PG : Saya bisa mengerti kalau orang mempunyai perasaan seperti itu terhadap kitab Pengkhotbah, apalagi jika disandingkan dengan kitab Amsal. Yang sebelumnya kitab Amsal seolah-olah penuh denganharapan, semangat, optimisme tapi penulis ini yang adalah Salomo berubahnya 180 derajat dari orang yang penuh pengharapan, optimis menjadi pesimis seolah-olah putus asa dalam kitab Pengkhotbah.
Maka ada sebagian orang yang berkata bahwa kitab Pengkhotbah bukan ditulis oleh Raja Salomo, itu salah. Sebetulnya kita tahu bahwa ini adalah buah karangannya makanya dia berkata di awal kitab itu ia adalah putra Daud. Apa yang terjadi? Kita bisa simpulkan kitab Amsal ditulis oleh Salomo muda sedangkan kitab Pengkhotbah ditulis oleh Salomo yang tua, diusia tuanya Salomo akhirnya menemukan bahwa hidup tidaklah seindah dan sebermakna yang dia bayangkan. Dia dulu berpikir dengan menemukan hikmat demi hikmat maka dia akan menjumpai dan mengalami sebuah hidup yang sangat bermakna, sudah tentu dengan adanya hikmat kita akan lebih dapat menjalani hidup dengan baik, dengan takut akan Tuhan sebagai permulaan hikmat kita pun juga akan menjalani hidup yang menyenangkan hati Tuhan. Tapi akhirnya Salomo di hari tuanya berpapasan dengan realitas kehidupan, bahwa ternyata hidup itu tidaklah sebermakna dan seindah yang dia dulu pikirkan.
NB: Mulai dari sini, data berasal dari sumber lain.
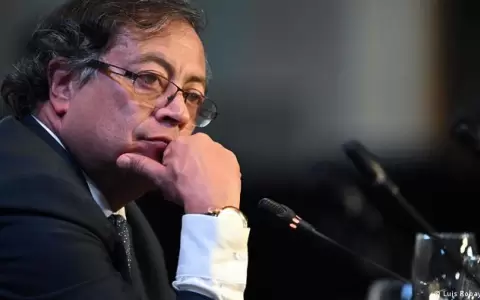 Gobierno de Colombia presenta �ambiciosa� reforma laboral
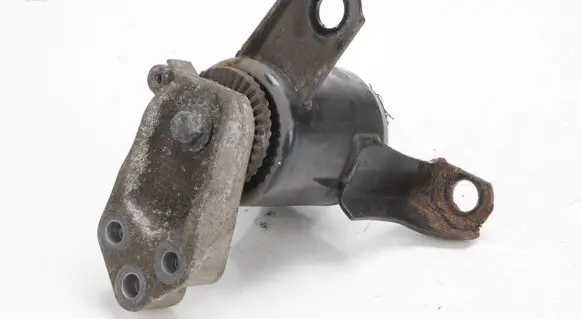 Ford Fiesta Engine mount vacuum valve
Bahwa pada akhirnya dia melihat begitu terbatasnya, dan yang terpenting ialah begitu tidak sempurnanya hidup. Dan inilah yang memang terjadi dalam hidup, Pak Gunawan, sejak manusia membawa masuk dosa ke dalam kehidupan ini maka hidup menjadi jauh dari sempurna. Segala sesuatu yang kita agungkan tentang hidup ini yang membawa kebahagiaan dalam hidup kita, pada akhirnya kita baru sadari, kenapa tidak seindah yang saya dulu pikirkan.
GS : Mungkin itu yang rasul Paulus katakan, "Yang dulu menjadi kebanggaannya" tapi pada saat dia menyelang usia lebih lanjut dia katakan "Itu ternyata sampah."
PG : Betul sekali. Jadi Paulus membandingkan semua yang telah diperolehnya dengan sekarang yang diperolehnya dari Tuhan yaitu keselamatan, kesempatan boleh mengenal Tuhan Yesus menjadi anakNya,menikmati persekutuan dengan Tuhan.
Ternyata bagi Paulus hal itu jauh lebih bermakna dari pada apa pun yang pernah dicicipnya dari dunia ini atau dari hidup ini.
GS : Tapi sebaliknya pada usia yang lanjut kita juga melihat ada beberapa yang hilang dari kehidupan kita itu, Pak Paul?
PG : Betul sekali, Pak Gunawan. Jadi seolah-olah ini yang kita mesti terima sebagai fakta kehidupan yaitu pada waktu kita lahir, kita datang tidak membawa apa-apa kemudian kita mulai memiliki msalkan kita memiliki baju, mainan kemudian kita memiliki ilmu lewat sekolah, kita memiliki teman kemudian kita memiliki sahabat dan dari sahabat kita memiliki istri atau suami dan kita juga memiliki kesehatan, kita makin sehat dan makin sehat.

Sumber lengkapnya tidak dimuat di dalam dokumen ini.